Refaire l’histoire avec des « si » : tel est le principe de l’uchronie, genre dans lequel les événements passés d’une vie, d’un pays ou d’un personnage historique sont changés afin de créer un univers narratif alternatif. Du film Un jour sans fin aux BD Jour J, ce schéma narratif a fait recette, et doit une partie de son succès aux écrivains de SF qui en ont forgé l’histoire. Voici le top des livres de ce courant.

Et si on refaisait l’histoire d’Anthony Rowley et Fabrice d’Almeida (2009)

Avant d’être un genre littéraire, l’uchronie fut d’abord un exercice de pensée des historiens : dès Hérodote, le fait de raconter un événement qui se serait produit en fonction d’une « divergence » a été conscientisé dans les sciences humaines. De temps à autre, les spécialistes de telle ou telle période s’y adonnent encore. Et si on refaisait l’histoire, essai d’historien, contient seize « scénarios » sur lesquels on peut méditer et imaginer, à son tour, en quoi notre continuité historique repose sur certains événements : la réussite de la fuite de Louis XVI, la chute de l’État d’Israël pendant la guerre du Kippour ou la défaite de Charles Martel à Poitiers sont autant de « points de divergence » que les auteurs explorent dans cet essai idéal pour entrer en uchronie.

La Patrouille du temps de Poul Anderson (1960)

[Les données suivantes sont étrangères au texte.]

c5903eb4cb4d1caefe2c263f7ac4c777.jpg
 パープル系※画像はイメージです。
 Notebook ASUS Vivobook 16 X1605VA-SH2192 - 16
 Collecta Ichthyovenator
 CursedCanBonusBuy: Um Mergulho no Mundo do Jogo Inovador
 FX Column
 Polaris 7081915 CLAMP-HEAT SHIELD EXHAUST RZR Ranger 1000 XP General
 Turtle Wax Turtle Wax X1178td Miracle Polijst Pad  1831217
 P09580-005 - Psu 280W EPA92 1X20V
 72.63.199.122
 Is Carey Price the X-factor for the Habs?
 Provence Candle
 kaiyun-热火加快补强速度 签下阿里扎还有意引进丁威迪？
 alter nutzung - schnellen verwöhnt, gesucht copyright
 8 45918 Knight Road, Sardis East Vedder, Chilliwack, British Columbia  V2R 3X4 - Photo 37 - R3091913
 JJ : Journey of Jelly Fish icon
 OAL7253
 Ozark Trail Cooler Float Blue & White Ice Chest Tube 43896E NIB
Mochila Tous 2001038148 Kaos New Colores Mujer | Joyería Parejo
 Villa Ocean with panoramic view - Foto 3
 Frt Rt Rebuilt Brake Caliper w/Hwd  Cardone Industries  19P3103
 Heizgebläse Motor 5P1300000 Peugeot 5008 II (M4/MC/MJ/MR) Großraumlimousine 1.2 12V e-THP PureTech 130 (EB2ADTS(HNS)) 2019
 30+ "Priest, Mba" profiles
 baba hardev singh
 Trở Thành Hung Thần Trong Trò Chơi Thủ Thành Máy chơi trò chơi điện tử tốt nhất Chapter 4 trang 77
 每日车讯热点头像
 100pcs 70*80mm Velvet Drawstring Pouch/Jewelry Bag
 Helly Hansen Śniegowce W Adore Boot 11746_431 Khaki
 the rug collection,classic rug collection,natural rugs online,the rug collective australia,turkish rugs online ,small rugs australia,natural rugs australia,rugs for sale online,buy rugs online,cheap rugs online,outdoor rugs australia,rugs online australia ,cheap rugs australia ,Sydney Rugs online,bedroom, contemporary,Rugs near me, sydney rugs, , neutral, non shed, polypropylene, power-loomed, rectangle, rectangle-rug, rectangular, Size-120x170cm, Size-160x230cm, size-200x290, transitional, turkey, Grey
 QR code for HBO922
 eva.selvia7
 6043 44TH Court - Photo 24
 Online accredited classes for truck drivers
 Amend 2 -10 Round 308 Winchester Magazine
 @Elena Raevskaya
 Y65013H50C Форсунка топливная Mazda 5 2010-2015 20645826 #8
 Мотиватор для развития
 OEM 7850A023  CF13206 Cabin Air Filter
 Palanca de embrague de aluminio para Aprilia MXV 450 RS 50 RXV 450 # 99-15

Le thème du voyage dans le temps, en particulier dans le passé, cher à la science-fiction, a profondément nourri la littérature uchronique : dans La Patrouille du temps, de Poul Anderson, les êtres humains du futur réussissent à voyager au gré des époques. Ils mandent différentes personnes pour empêcher des changements dans l’histoire. Véritable police anti-uchronie, ces agents se distinguent dans une série de nouvelles qui imaginent des divergences à différents moments de notre histoire… Un classique de la SF vintage qui flirte avec l’uchronie !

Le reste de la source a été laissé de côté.